EXERCISE AIM
Please write out, exactly, every line of the listing from its first line through the one that includes "ITSO üyelerine iftar yemeği verdi".

RECORDS FOR THE TASK
+---+
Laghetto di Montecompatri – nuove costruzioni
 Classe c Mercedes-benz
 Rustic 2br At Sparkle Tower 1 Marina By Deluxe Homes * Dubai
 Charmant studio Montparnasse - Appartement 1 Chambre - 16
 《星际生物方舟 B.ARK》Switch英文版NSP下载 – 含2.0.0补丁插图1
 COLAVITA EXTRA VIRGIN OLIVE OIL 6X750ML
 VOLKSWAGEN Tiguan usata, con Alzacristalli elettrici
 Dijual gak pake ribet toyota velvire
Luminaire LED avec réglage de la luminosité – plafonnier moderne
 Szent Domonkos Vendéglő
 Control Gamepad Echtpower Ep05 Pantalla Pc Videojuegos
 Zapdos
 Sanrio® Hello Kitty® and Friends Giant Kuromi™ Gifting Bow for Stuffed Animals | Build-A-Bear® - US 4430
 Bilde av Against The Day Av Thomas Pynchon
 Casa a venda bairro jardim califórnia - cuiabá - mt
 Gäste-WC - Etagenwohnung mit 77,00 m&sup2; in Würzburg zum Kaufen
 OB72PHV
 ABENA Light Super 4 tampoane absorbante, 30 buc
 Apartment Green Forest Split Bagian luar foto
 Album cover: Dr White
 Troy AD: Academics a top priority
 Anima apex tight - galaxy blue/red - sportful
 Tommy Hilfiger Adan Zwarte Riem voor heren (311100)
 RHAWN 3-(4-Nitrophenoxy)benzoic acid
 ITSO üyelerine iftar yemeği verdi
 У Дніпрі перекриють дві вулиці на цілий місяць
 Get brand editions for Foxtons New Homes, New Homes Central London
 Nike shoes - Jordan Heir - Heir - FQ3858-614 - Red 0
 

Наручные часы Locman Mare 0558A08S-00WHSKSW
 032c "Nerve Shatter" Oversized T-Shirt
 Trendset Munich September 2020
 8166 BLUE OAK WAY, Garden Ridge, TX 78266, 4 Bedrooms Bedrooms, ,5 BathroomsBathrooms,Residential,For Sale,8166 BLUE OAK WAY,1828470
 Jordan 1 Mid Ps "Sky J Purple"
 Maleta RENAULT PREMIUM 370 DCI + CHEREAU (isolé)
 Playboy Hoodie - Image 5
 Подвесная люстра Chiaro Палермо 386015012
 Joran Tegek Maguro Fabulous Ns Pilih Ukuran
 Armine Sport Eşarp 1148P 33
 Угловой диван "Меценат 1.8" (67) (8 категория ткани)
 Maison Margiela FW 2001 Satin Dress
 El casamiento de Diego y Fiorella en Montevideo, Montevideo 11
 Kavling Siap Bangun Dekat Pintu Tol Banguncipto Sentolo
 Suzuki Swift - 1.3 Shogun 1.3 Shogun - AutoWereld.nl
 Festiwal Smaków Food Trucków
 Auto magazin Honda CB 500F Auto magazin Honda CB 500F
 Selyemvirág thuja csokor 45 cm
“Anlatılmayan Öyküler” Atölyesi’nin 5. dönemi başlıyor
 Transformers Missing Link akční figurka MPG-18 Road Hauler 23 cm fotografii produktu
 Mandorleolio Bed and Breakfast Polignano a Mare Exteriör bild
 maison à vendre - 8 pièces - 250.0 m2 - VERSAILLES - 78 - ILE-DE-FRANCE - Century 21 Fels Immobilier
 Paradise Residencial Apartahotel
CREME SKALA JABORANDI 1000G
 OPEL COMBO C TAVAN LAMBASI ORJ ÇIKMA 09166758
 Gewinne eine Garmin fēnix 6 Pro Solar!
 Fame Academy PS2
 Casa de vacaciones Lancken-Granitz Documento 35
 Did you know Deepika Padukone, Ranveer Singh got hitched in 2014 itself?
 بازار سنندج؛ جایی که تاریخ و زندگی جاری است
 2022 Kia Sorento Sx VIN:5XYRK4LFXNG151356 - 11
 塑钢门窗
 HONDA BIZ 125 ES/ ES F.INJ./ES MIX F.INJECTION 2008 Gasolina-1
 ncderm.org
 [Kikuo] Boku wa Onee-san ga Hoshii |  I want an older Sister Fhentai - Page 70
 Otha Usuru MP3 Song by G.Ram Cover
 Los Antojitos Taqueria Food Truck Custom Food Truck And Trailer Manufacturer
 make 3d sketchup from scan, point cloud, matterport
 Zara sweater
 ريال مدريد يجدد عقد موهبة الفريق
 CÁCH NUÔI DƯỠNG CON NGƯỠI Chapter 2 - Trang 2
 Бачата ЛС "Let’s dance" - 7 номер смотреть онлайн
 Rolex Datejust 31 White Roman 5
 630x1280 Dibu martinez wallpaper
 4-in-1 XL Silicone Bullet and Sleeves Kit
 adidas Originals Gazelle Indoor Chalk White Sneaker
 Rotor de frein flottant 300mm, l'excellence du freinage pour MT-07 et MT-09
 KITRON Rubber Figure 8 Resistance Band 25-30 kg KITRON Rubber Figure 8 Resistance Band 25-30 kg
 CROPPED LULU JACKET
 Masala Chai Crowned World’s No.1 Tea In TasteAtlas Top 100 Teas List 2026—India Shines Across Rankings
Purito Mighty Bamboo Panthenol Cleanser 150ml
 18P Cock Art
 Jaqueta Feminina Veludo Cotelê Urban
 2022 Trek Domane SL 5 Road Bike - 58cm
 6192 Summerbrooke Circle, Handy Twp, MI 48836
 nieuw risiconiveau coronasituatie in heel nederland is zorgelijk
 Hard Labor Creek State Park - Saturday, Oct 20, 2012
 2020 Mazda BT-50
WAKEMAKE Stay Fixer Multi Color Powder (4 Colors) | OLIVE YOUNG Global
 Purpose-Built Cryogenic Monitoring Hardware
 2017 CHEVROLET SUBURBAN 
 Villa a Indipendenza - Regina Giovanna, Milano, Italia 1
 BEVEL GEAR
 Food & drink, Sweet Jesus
+---+
RESPONSE BELOW
Laghetto di Montecompatri – nuove costruzioni
 Classe c Mercedes-benz
 Rustic 2br At Sparkle Tower 1 Marina By Deluxe Homes * Dubai
 Charmant studio Montparnasse - Appartement 1 Chambre - 16
 《星际生物方舟 B.ARK》Switch英文版NSP下载 – 含2.0.0补丁插图1
 COLAVITA EXTRA VIRGIN OLIVE OIL 6X750ML
 VOLKSWAGEN Tiguan usata, con Alzacristalli elettrici
 Dijual gak pake ribet toyota velvire
Luminaire LED avec réglage de la luminosité – plafonnier moderne
 Szent Domonkos Vendéglő
 Control Gamepad Echtpower Ep05 Pantalla Pc Videojuegos
 Zapdos
 Sanrio® Hello Kitty® and Friends Giant Kuromi™ Gifting Bow for Stuffed Animals | Build-A-Bear® - US 4430
 Bilde av Against The Day Av Thomas Pynchon
 Casa a venda bairro jardim califórnia - cuiabá - mt
 Gäste-WC - Etagenwohnung mit 77,00 m&sup2; in Würzburg zum Kaufen
 OB72PHV
 ABENA Light Super 4 tampoane absorbante, 30 buc
 Apartment Green Forest Split Bagian luar foto
 Album cover: Dr White
 Troy AD: Academics a top priority
 Anima apex tight - galaxy blue/red - sportful
 Tommy Hilfiger Adan Zwarte Riem voor heren (311100)
 RHAWN 3-(4-Nitrophenoxy)benzoic acid
 ITSO üyelerine iftar yemeği verdi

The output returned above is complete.